Prolific pavement pounders – joggers and flaneurs — anticipating helping Toulouse harvest pedestrian energy to light street lamps via kinetic pavement slabs are now destined for disappointment.

Now the pavement harvester departs Toulouse

Two years after one of the most innovative new ideas in a panoply of advanced projects  introduced by a council team under dynamic deputy mayor Alexandre Marciel, the  promising  pavement energy harvesting pilot has been dismantled. Worse a local entrepreneur initially keen to develop the project commercially has sold his rights to a North American company.

The difficulty apparently arose in convincing funders, central government bureaucrats and potential backers that industrial scale production of the energy harvesting pavement slabs, sensors and lighting converters, so successfully piloted in Toulouse in May 2010 was viable.
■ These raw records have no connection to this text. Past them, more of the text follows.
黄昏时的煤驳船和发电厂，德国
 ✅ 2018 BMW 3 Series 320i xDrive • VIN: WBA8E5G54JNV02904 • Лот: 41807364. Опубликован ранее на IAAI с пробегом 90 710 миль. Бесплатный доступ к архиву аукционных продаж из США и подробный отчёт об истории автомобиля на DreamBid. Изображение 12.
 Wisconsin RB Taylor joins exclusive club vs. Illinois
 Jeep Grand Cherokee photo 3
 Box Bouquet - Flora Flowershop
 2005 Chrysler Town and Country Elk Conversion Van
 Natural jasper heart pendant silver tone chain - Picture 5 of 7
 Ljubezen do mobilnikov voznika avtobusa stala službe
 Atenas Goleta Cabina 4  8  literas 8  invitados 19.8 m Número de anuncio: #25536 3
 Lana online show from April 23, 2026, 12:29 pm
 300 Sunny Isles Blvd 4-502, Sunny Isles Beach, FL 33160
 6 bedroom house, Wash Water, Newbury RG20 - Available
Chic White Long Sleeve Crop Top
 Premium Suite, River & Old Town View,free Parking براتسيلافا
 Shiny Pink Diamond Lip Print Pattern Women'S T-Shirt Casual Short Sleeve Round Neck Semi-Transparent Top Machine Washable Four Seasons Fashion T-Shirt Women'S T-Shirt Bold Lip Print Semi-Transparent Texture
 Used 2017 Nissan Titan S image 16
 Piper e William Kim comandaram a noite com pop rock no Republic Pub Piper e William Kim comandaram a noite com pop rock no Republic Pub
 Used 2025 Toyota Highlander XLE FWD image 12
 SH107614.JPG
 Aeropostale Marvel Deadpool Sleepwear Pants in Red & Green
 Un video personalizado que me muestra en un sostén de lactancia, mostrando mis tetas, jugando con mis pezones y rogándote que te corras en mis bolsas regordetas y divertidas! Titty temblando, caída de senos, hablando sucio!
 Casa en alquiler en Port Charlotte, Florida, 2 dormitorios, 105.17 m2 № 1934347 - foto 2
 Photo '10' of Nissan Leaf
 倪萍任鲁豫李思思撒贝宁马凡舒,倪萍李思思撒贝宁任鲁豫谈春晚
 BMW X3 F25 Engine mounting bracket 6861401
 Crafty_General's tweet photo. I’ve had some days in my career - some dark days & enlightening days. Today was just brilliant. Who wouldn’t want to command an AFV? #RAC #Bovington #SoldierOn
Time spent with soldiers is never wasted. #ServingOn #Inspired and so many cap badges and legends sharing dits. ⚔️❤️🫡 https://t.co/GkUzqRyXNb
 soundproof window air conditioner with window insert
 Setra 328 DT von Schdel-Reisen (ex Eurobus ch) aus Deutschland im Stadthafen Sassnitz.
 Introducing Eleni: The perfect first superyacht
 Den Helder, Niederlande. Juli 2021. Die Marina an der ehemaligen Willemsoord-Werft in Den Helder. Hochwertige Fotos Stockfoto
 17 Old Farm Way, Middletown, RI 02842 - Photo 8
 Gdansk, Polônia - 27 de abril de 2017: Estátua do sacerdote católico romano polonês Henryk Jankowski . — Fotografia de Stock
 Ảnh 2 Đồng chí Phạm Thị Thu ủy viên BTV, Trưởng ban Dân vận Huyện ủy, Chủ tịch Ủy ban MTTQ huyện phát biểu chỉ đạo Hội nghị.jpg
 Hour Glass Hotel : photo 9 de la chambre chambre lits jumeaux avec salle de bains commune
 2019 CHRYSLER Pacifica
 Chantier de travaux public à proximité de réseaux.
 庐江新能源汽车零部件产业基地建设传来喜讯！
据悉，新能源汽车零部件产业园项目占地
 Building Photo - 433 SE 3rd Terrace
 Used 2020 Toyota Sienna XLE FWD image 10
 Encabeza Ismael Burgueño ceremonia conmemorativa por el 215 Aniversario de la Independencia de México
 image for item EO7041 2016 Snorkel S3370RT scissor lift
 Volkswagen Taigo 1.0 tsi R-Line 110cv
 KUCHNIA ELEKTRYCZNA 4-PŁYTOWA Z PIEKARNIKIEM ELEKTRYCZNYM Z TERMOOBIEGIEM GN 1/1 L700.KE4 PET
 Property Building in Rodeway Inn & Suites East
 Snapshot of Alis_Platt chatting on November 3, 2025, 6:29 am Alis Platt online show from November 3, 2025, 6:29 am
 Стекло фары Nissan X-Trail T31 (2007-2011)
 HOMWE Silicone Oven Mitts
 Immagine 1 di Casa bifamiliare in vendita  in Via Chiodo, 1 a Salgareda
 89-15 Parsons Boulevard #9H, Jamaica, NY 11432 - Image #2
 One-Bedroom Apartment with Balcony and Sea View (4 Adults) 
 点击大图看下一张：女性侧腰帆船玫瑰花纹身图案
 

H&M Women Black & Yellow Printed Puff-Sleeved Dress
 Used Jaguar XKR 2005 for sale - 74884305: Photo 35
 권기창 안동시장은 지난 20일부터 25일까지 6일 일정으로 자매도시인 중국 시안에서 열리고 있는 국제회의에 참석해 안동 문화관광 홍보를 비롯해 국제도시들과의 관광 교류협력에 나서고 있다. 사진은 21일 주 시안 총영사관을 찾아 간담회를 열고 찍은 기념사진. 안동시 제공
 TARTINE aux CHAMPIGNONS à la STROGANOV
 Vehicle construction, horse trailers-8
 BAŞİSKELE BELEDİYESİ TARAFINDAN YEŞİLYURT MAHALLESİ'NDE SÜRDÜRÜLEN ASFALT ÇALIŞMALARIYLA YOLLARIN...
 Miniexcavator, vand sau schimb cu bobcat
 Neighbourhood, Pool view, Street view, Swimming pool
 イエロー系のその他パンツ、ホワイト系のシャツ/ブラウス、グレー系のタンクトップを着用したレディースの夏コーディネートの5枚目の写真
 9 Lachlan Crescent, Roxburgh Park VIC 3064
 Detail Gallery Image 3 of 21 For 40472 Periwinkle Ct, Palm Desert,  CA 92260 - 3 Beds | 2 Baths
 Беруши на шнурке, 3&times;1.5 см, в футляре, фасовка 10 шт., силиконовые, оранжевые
Laurent Villerouge, chairman of VIHA Concept, a Toulouse-based SME told French News Online that after failing to gain official support and private backing for setting up an industrial operation in France, he approached the Massachusetts Institute of Technology which in turn led to a deal with Harvest NRG, a US firm focused on harvesting energy from trains, planes and motor vehicles for power generation.

“The Trotelec sidewalk energy harvester and my energy harvesting technology rights have been sold to Harvest NRG which has plans to mass produce and market the pavement power harvester. Clearly I hope that Toulouse will eventually be one of the early customers for the slabs given the city’s role as a pioneer in the pilot,” he said.

Expressing his disappointment Alexandre Marciel told French News Online — one of the first newspapers to report on the initial electrifying development — that: “Unfortunately, the inertia of our institutions, a reluctance on the part of local  banks, lack of seed capital to finance prototypes of key innovations and a major mindset problem – namely an inability to conceptualise new sources of power such as  ‘energy harvesting’ as part of the overall energy mix  — have resulted in the expatriation of the Toulouse project”.

As French News Online reported in April last year pavement pounding in Toulouse was all set to become an officially encouraged leisure activity as  citizens set about powering-up the city.  Flaneurs out strolling or shopping seemed happy to know that as they used up their shoe leather they were helping generate power for the street lights of France’s 5th largest city.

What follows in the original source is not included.